I knew I wanted real consulting experience. But with most firms only recruiting interns from the third year, and me being 19, I am technically and very obviously not eligible. I could’ve waited. But that’s not really my style. So I decided to build my own internship. One that would get me closer to the industry, let me ask the questions that actually mattered, and hopefully learn A LOT. And also, more importantly, because I’m not entirely sure what I’m racing toward still exists by the time I graduate.
Okay, look, I’m 19. I’ll (grudgingly) admit I don’t know everything. My dad likes to say I know nothing… except how to sound like I do. And honestly? Fair enough. I’m just getting started, and since “AI and consulting” wasn’t exactly a course on my business school schedule, I won’t pretend to have all the answers.
But if I want to bring real value to these consulting firms, I need to understand what they actually need. Not just what they say in interviews or put on their websites, but what’s keeping them up at night. What they’re worried about. What they’re not quite sure how to solve. I want to be a consultant to the consultants. I want this project to surprise them. To say something they haven’t already heard a hundred times before.
AI is evolving faster than anyone predicted replacing not just repetitive work, but the kind of thinking and analysis that consultants are known (and paid) for. Consulting is built on being the smartest person in the room.
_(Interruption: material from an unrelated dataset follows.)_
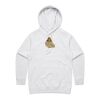 Women's Supply Hood Thumbnail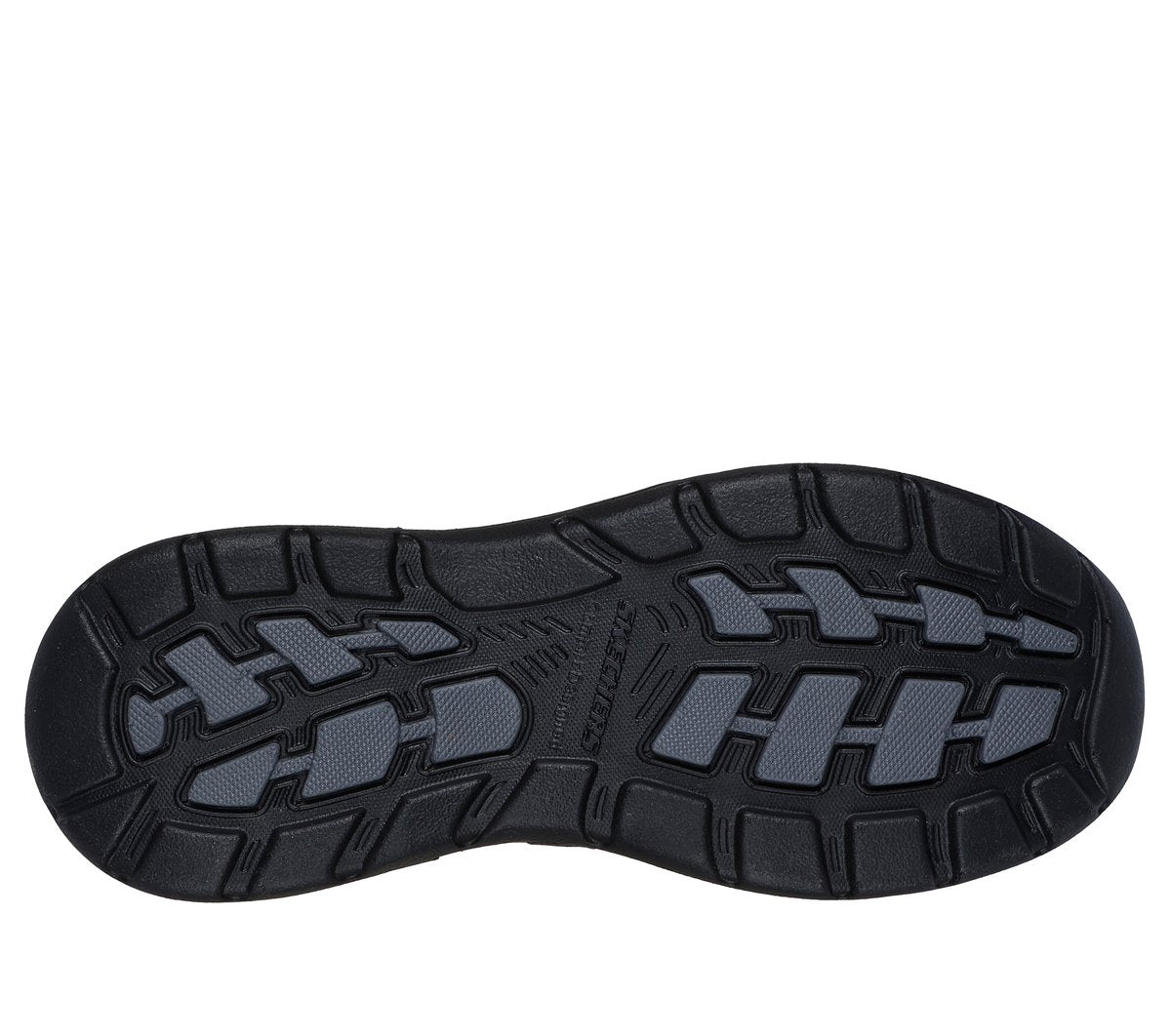 Men Skechers Slip-ins: Arch Fit Motley - Milo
But what happens when the room suddenly fills with AI tools that can do 80% of your work before you even open your laptop?
No one knows exactly how the industry is evolving, but here are some of my slightly uneducated thoughts and questions at the start of this project:
AI is speeding up. It’s already changing how firms analyze data, write proposals, even do parts of strategy work. And if tech can do 40% of a project in half the time, what does that mean for billable hours?
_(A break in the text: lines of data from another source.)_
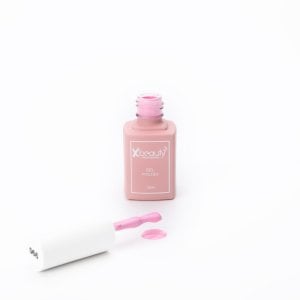 KALICI OJE (GEL POLISH) 12 ml No:66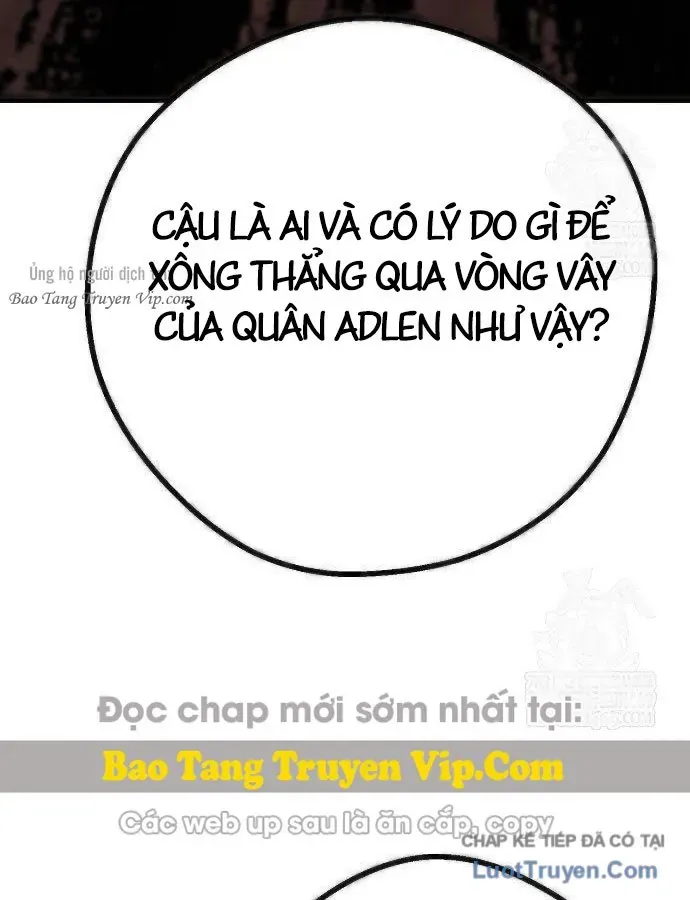 Vòng Chơi Thứ Hai Của Chiến Binh Cuồng Nộ Chapter 19 - 174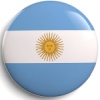 Argentina TV 
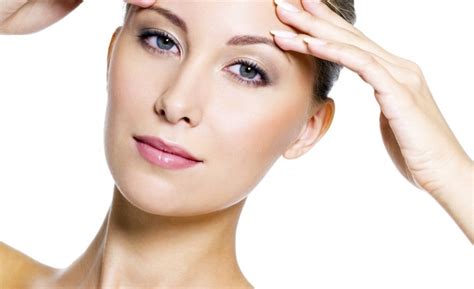 Skin Tightening Treatment in Delhi, West Delhi - Skinology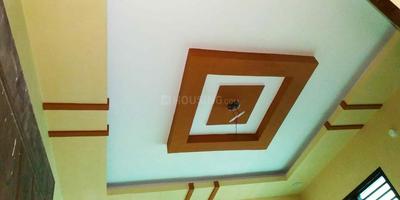 2 BHK Independent House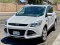 2015 Ford Escape Titanium 4 Door SUV
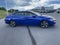2024 Hyundai ELANTRA SEL IVT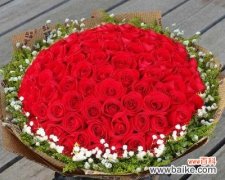 17朵花束的寓意是什么？18朵花束代表什么含义？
Clients are getting smarter. Companies aren’t just outsourcing thinking anymore they want real, collaborative insight. The old model of handing over a shiny PDF might not hold up when people are bruilding real internal competence.
I know that consultantants often work in team models, how is this being challanged? Why hire a team of generalists when you can get a specialist with an AI assistant? Or just the AI?
CONSULTANTS ARE TOO EXPENSIVE? Everyone wants more for less. And consultancies are having to prove value more than ever, but what is this?
All of this makes one thing clear: the consulting industry is going to change fast.
And for me, as someone who wants to be part of it, I keep asking: How do I make sure I’m still valuable? What will matter more in the future; deep human insight? Creativity? Speed? Judgment? Or something else entirely?
That’s what I’m trying to figure out.
When I meet with CEOs, I don’t just want to know whether they’ll still value consultants, I want to understand how that value is changing. What are they still willing to pay for? What do they no longer need? And why? If I can understand what today’s clients are worried about, I’ll be a lot closer to understanding the future I’m walking into and whether there’s a place for me in it!
More soon,
Thanks for being part of the journey.
See you soon,
-June
P.S. People often think I’m exaggerating when I say I dreamed of working in business as a kid.